I stood there a minute thinking, “Okay, I’m here, now what?” I walked down to the end of the passage where our property ended and the low fence of our southern neighbor started. I turned around and looked back the way I’d come but . . . nothing. Then I glanced to my left. Lying on the ground, just the other side of the chain link fence, was a black, leather-bound notebook, maybe 6×4 inches. It looked brand new so I reached under the loose links at the bottom of the fence and pulled it through. It was a spiralbound notebook and full of crisp, new ruled paper—and completely blank. No writing inside, nothing to identify an owner. Like I said, an adult would have had to walk sideways along the passage beside the ice crusher, and this notebook was deposited at the very end of the freezer compartment about a foot from the other fence that ran behind the monster. It wasn’t something someone could have dropped from the platform. They would have had to purposefully sidle down that passage for it to be there. It’s entirely possible that someone could have slithered down there to take a secret whizz (although why go so far?) or maybe someone came back there to spy on our and our neighbor’s property (given the underhanded nature of the dairy owners) but . . .?

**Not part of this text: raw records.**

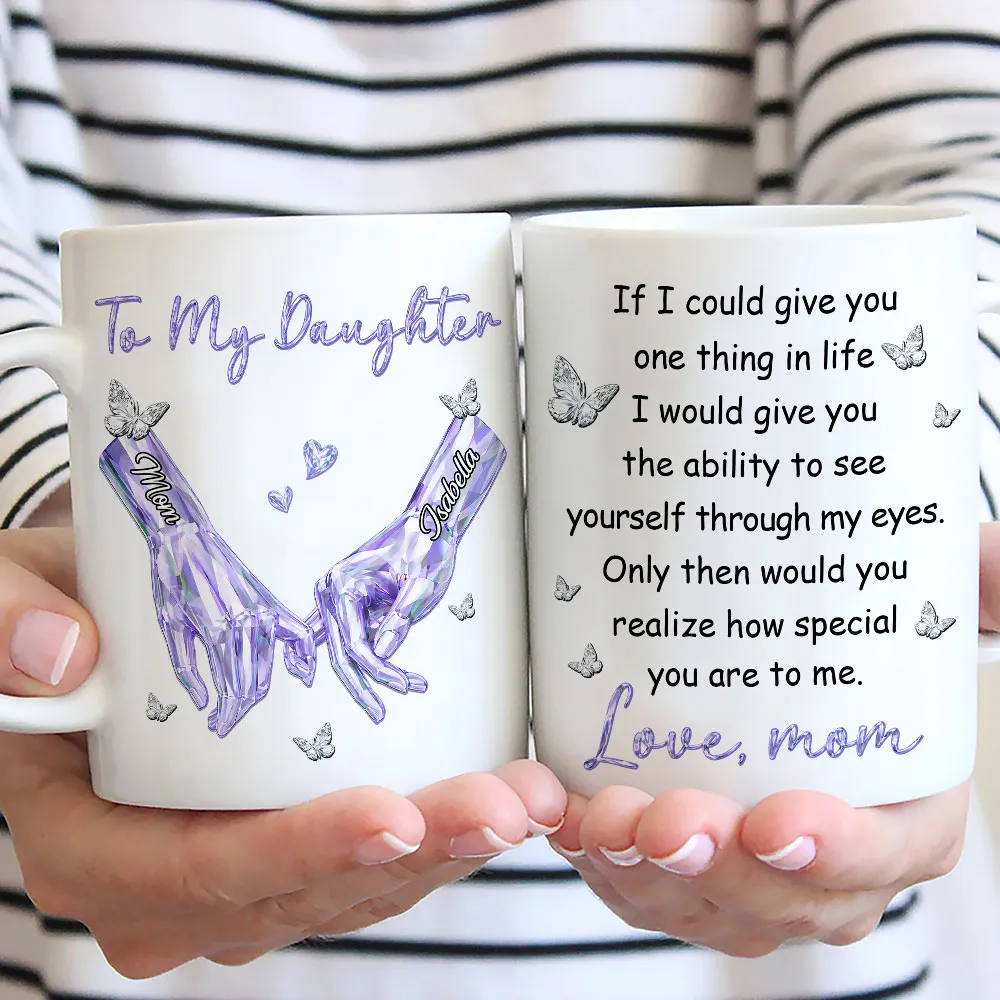 To My Daughter Ceramic Mug, Personalized Keepsake with Heartwarming Message and Butterflies - Thoughtful Gift - Image 3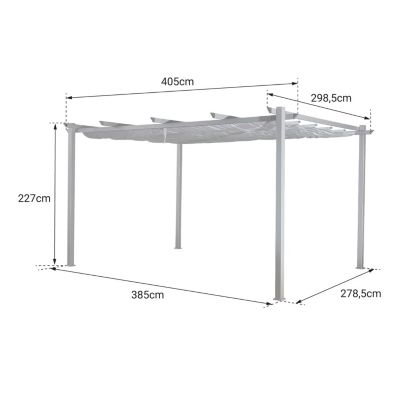 Pergola autoportante 3 x 4m CASSIS grise - structure aluminium - HAPPY GARDEN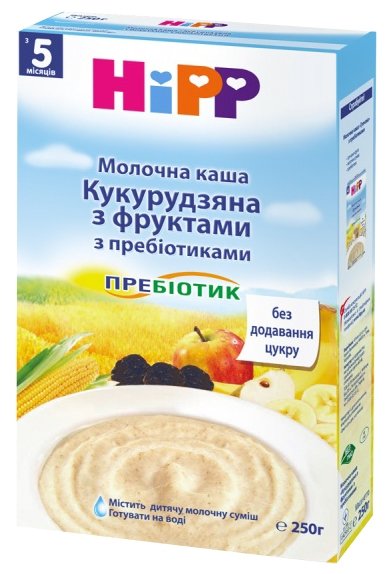 Каша HiPP молочная кукурузная с фруктами с пребиотиком (с 5 месяцев) 250 г (фото modal 1)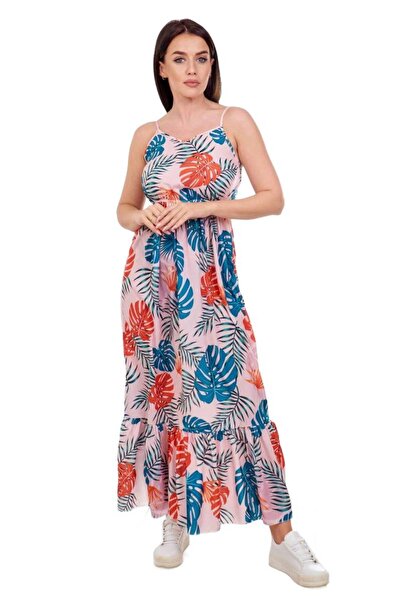 Kesi Rochie roz pudrat cu model de frunze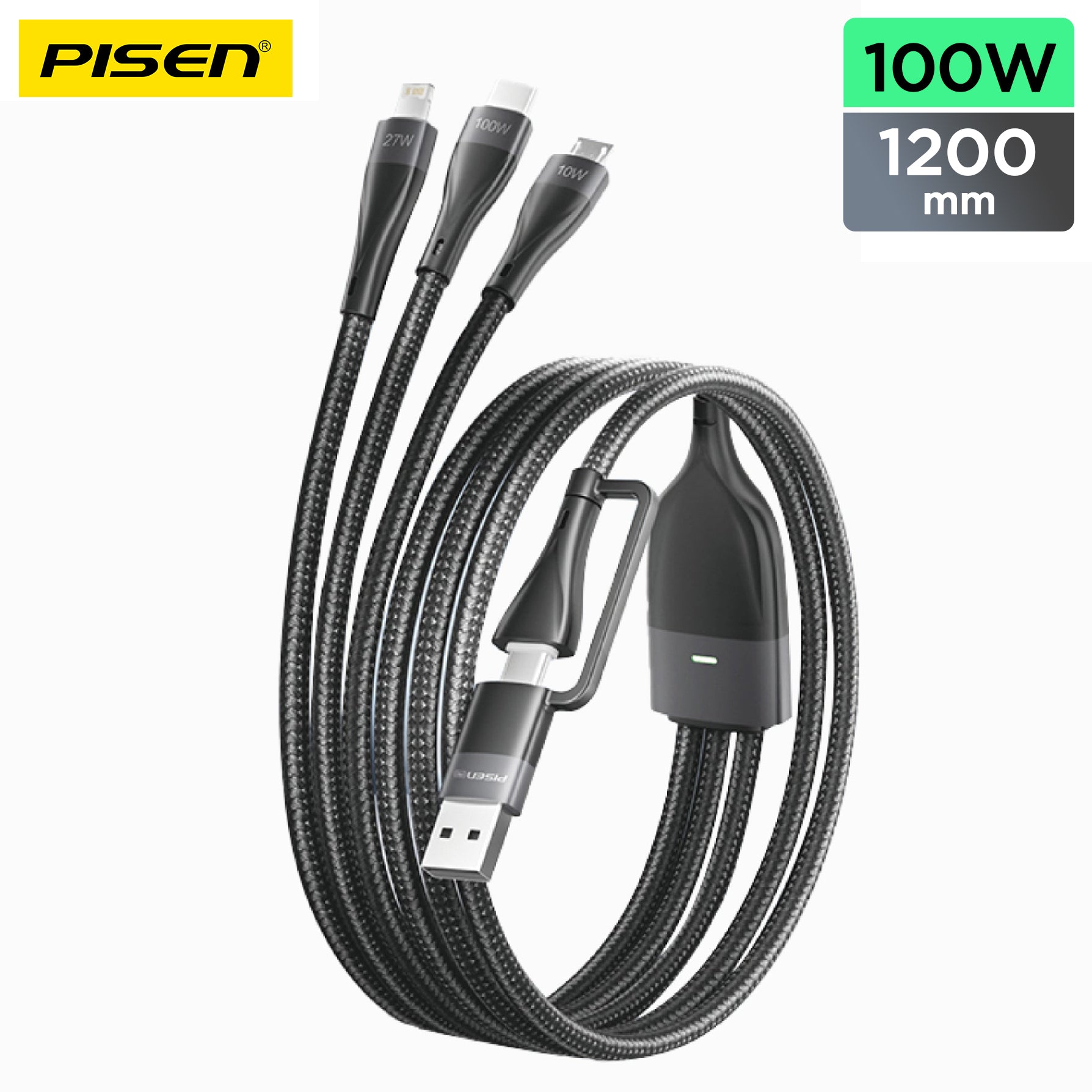 PISEN 3-in-1 Braided Charging Cable 1.2m – Lightning, USB-C & Micro Fast-Charge Cable (AP-FC15-1200)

I dunno. All I know was that I was delighted with the notebook. Although I had known I wanted to be a writer since the second grade, I was flailing around about it at that stage of my life and getting a lot a flak from my mother about how impractical my expressed career goal was and what a foolish dream and etc. That notebook seemed like an important piece of encouragement to me at the time. I wrote a lot after that, despite discouragement. I’ve never really stopped, although I have had a couple of bouts of prolonged writers’ block wherein that restless itch beneath the skin became agonizing. Writing has always been the cure for that.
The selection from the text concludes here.